We had to play everything very close due to the combination of conditions, so frequently we were in touching distance. That is not so unusual for water work. I actually call this type of shooting “contact work” as one is generally within touching distance when one shoots. You endeavor to have the ocean and your approach create a near miss scenario. We both laughed that in the first 5 minutes we had nailed it. That does not happen too often. Perfection is complex. It takes some effort.

An hour later a wave double concussed and as I came back to the surface I saw that my housing had leaked. The dreaded Death all Water Photographers seek to avoid was in process. Due to the design of SPL’s system, the camera sits on a plate which keeps it elevated. You can technically semi flood a housing and not lose the camera if you are careful. “Hey Lars, I am out. Housing leak. Going to the beach and see if I can fix it. Camera is still alive.” Hans had just paddled out to join us.

I swum in, managing to keep the housing out of the water and in the shore pound saw I would need to take a wave to the body. In spite of backing in to the beach, I was very aware of my position. I knew that one big rock was nearby and where it was. The wave slapped me ashore and housing held high, I was swept up the beach right past that rock. Hmm. An hour down and several high risk potential things had gone down.
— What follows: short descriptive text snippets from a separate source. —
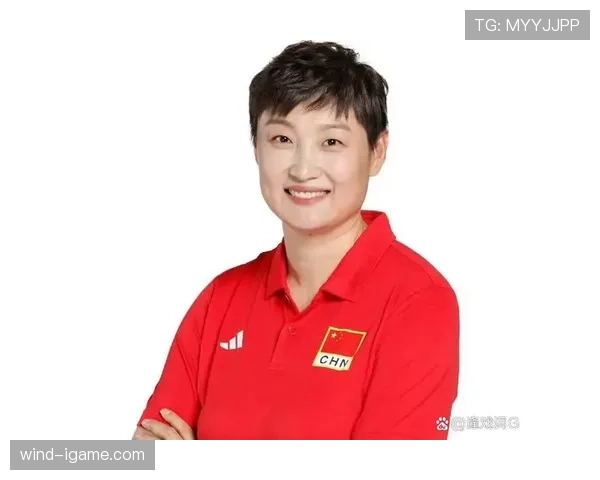 杨昊训练完直接啃鸡腿，这自律人设是不是有点绷不住了？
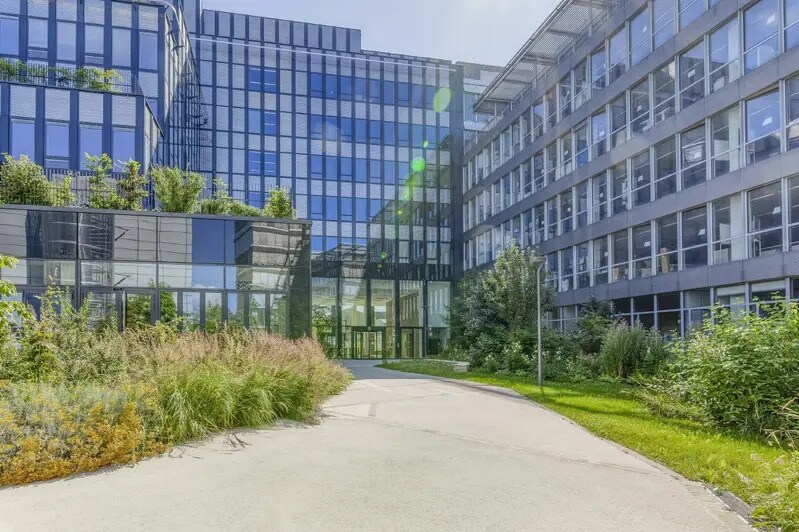 Bureau dans Saint-Denis à louer - Photo de l’immeuble – Image 1 sur 39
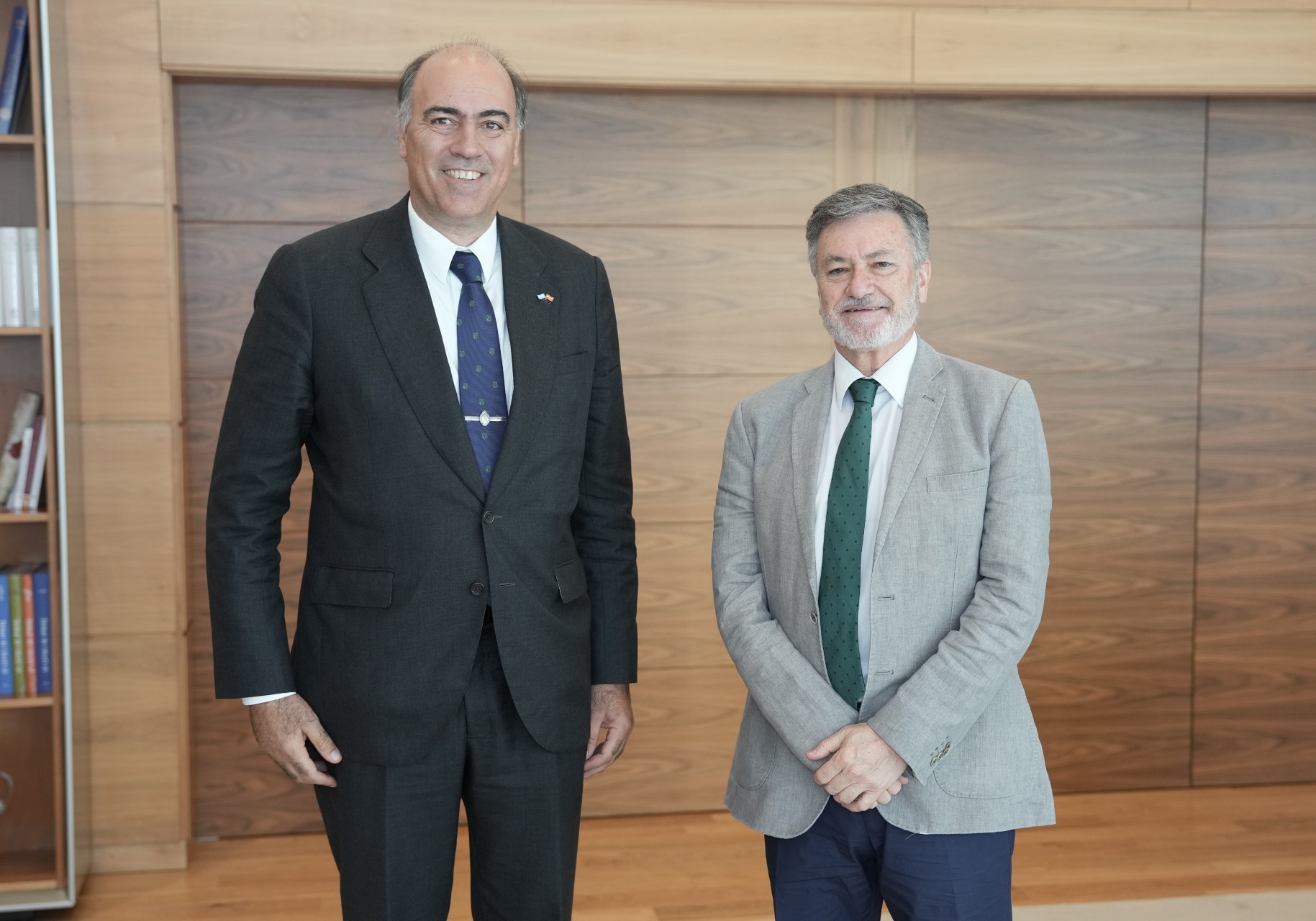 El presidente de las Cortes de Castilla y León recibe al embajador de la República Argentina en España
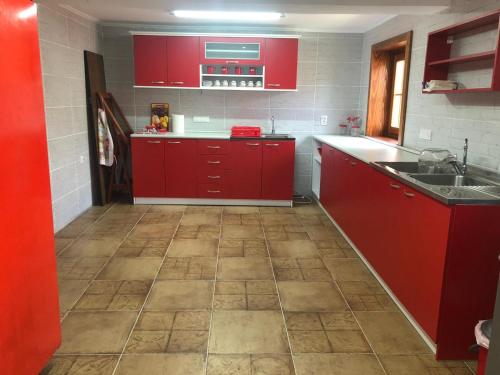 Una cocina o cocineta en Salaš Gnijezdo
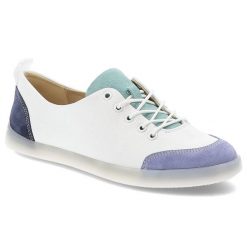 Białe Sneakersy Armodo Wygodne Sznurowane Obuwie Damskie. Białe obuwie sportowe damskie Armodo, na wiosnę, ze skóry, bez zapięcia. Za 329.00 zł.
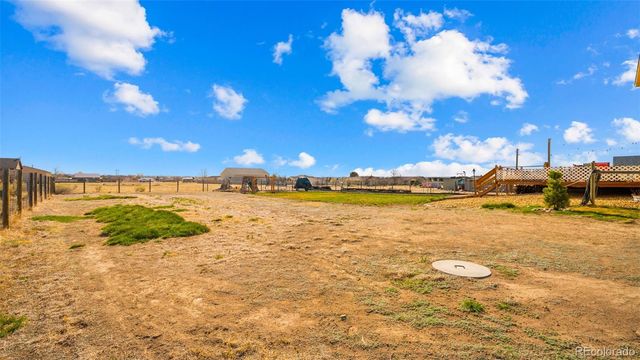 1072 S Avenida Del Oro, Pueblo, CO 81007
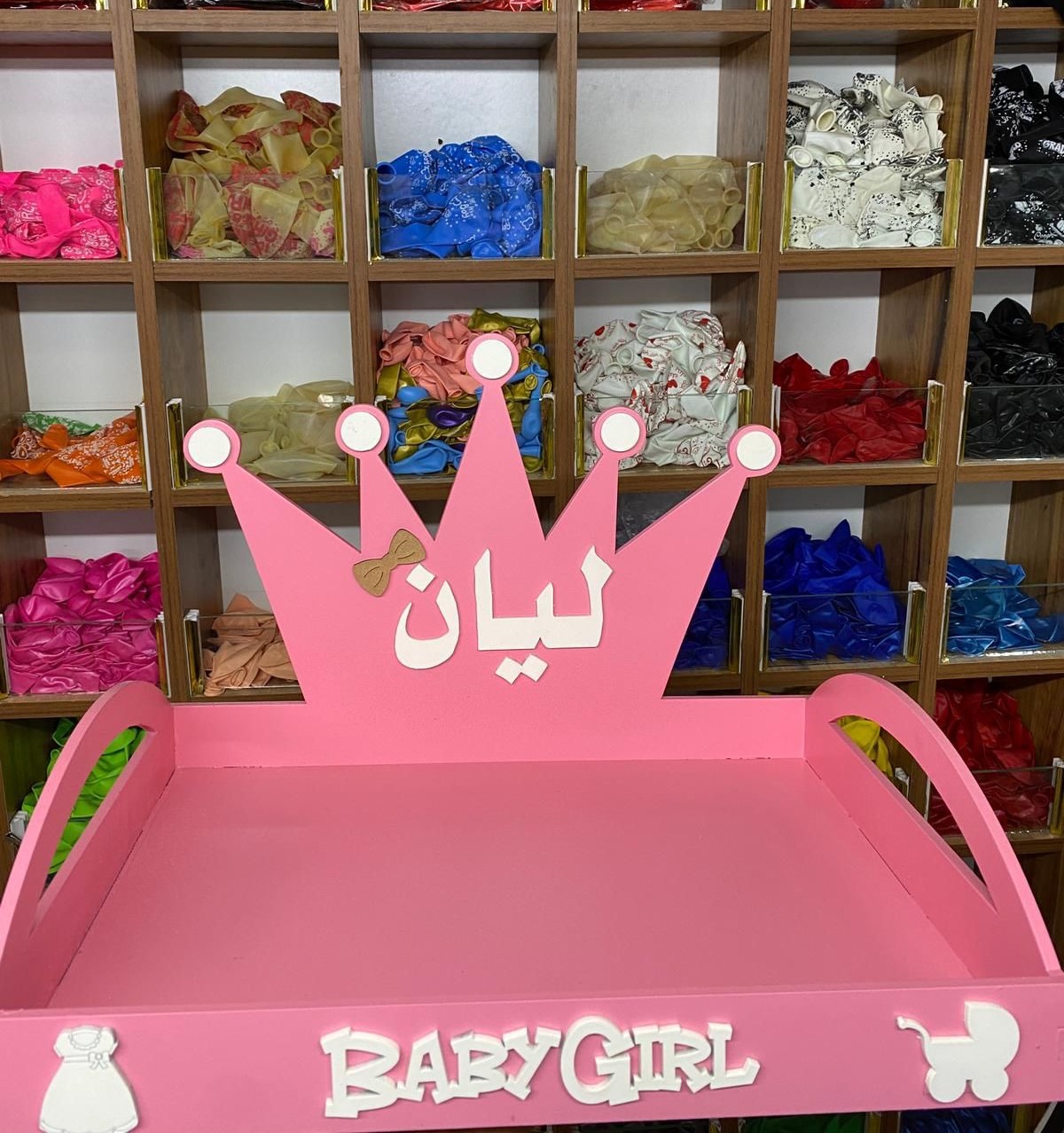 صينية خشب تفصيل بلون الزهري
I climbed up the cliff, went to the back of my car, and disassembled, dried, cleaned and re assembled my gear. A half hour later I was back at water’s edge. The boys had moved back up the beach. The lineup was empty. I normally love that. But inside the voice was an alarm bell still. I had a close look, nothing apparent, dipping my housing, it was holding the seal and all seemed fine, so into the blue I plunged, and in 50 yards I was in perfect position for a beautiful backwash blast. The loud crack as the two waves blasted into oblivion made for a great capture. We all sort of live our lives in the impact zone, those of us that do this, and we truly love being there. So we mind the blasts. That is part of our innate risk management

Popping up I saw a sea lion gliding by. He was acting skittish. Not unusual. They tend to be a lot like dogs and are sometimes very friendly and at others, stand offish or aggressive. He disappeared. I noticed that I was the only thing on the surface. Then came that voice and something new: a tap on the shoulder. Something was out there with me. That never alarms me believe it or not. I just watch the water, keep my housing down around my legs and pay attention. It is not uncommon for sharks to come up and take a look at me and the sun was getting low on the horizon. It was nearing dinner time for the Sea.
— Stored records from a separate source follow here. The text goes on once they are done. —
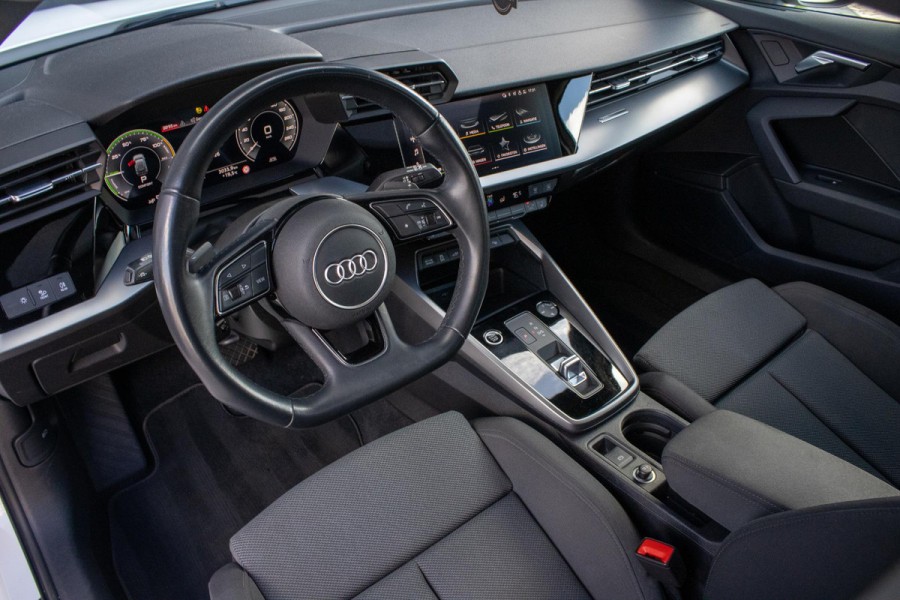 Audi A3 Sportback 40TFSIe Sline Pano Camera Maxton Keyless Stoelverwarming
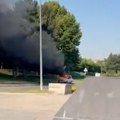 Zapaljen automobil ispred turskog parlamenta! Ozloglašeni "reno toros" u plamenu, poslata jeziva poruka! Vratile se mračne…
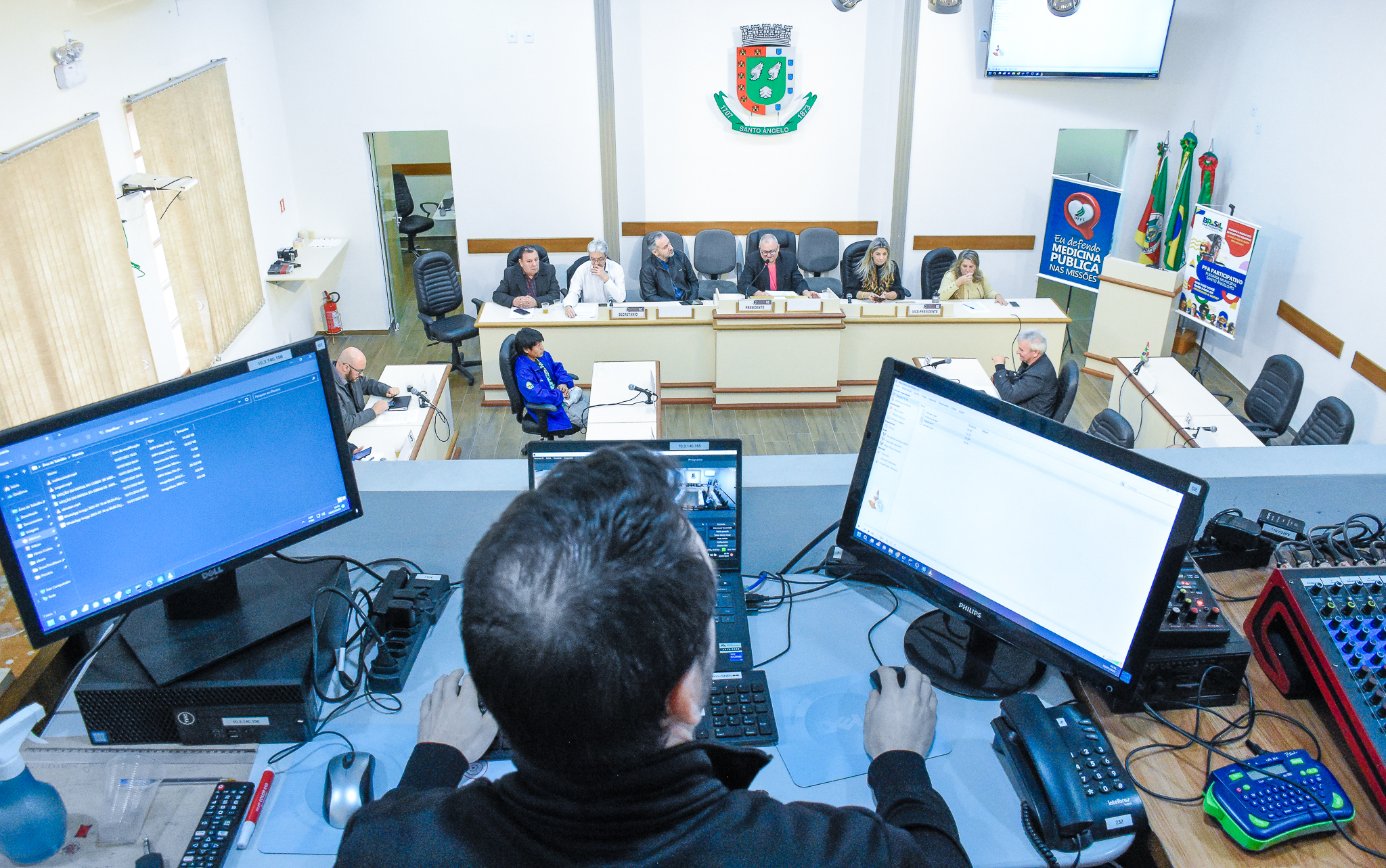 Realizada a Plenária Municipal pela implementação do curso Público de medicina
I saw nothing. It had been awhile and the long period Southern hemi swell seemed to be lulling out so I worked my way into the shorepound, wishing that the boys would come back so we could shoot a bit more surf stuff. Near shore my inner alarm went off. It is this imminent collision intuition one has that was saying “Do not be here”. So I swam back out. Yep. As a blue wave danced onto the sandbar I saw the shadow and profile of the shark. Looked like a 6-8 footer.¬† I could not tell what type but assumed it to be a Thresher. Sort of reminded me of a Tiger though, by it’s movement. But that would be odd. He was headed away. The “alarm” went off. My inner voice was still alert.

I set about capturing and creating the images I was after, and in a bit Hans swam out to join me sans board. Bodysurfing the warm, slabby wedges. We connected a few times and were both laughing. In a bit we saw Lars wander back down the beach with  a stunning looking woman with him. They chatted a few minutes and he joined us, and began to work some difficult angles.
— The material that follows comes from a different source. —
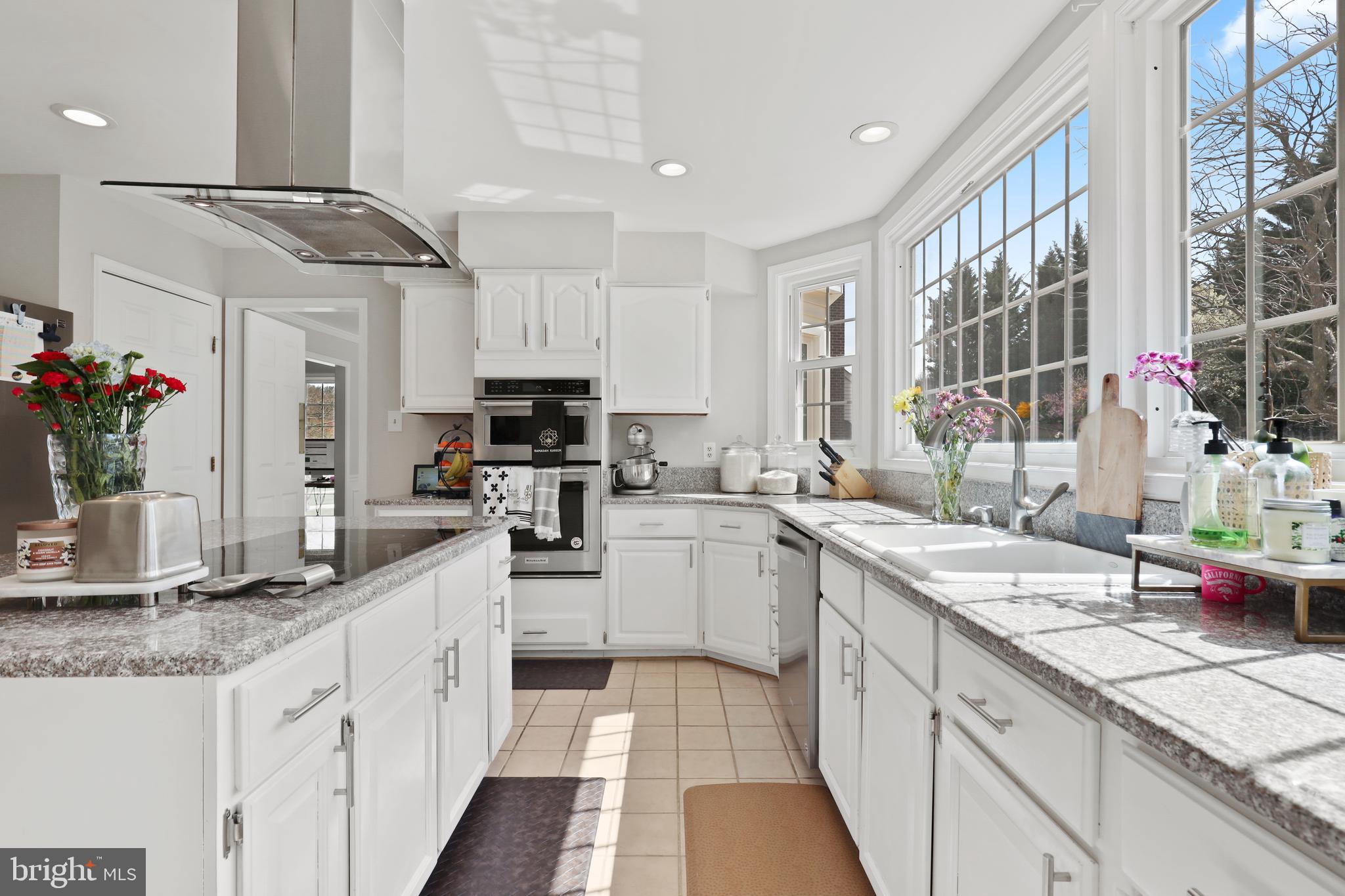 BURLEIGH MANOR - Residential Lease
An hour later as the sun began to drop behind a coastal mountain to our West, I had bait rise flash all around me, and fish flew out of the water, encircling me in a silvery rainbow. I laughed. But I knew something caused that. I had seen it before swimming a remote wave in Mexico right before a very large Tiger had appeared mid wave and shown me the door.

Swimming back out, a wave doubled up and I eased under it. Uh oh. Shallow spot in the sand bar. The lip bounced me off the bottom, rag dolled me and as I surfaced, I saw some scratches on my housing port. Shoots. Damage. Repairable and the marks were not in the lens’ line of sight. Whew. Next wave was perfect. Nailed it. Then Lars, who was sitting further outside said “Hey David, check it out, we have a bait ball just offshore. Wow, did you see that? Two dolphins, a baby and an older one!”

We worked the last half hour alone as Hans had gone in and was watching us as the light ebbed. Then Lars went in, and I was out alone in the stillness of evening, light waning and realized that all was quiet inside of me. I swam to the outside shot a couple more frames and began to work shoreward. A set missed the outside sandbar and doubled up just as a backwash wave hit and I shot a final last frame, that beautiful one above.

So I dragged you along on this tale to explain that though what I do looks easy, and I make it out as such, one of the primary reasons is that I know the risks, yes, but that my perception is highly trained and tuned. That part is not so special nor as arrogant as it may at first read. It is how we all should be, who have a grasp on what it means to be human, living in a body, designed to walk the land, but composed largely of salt water, and wedded to the Sea.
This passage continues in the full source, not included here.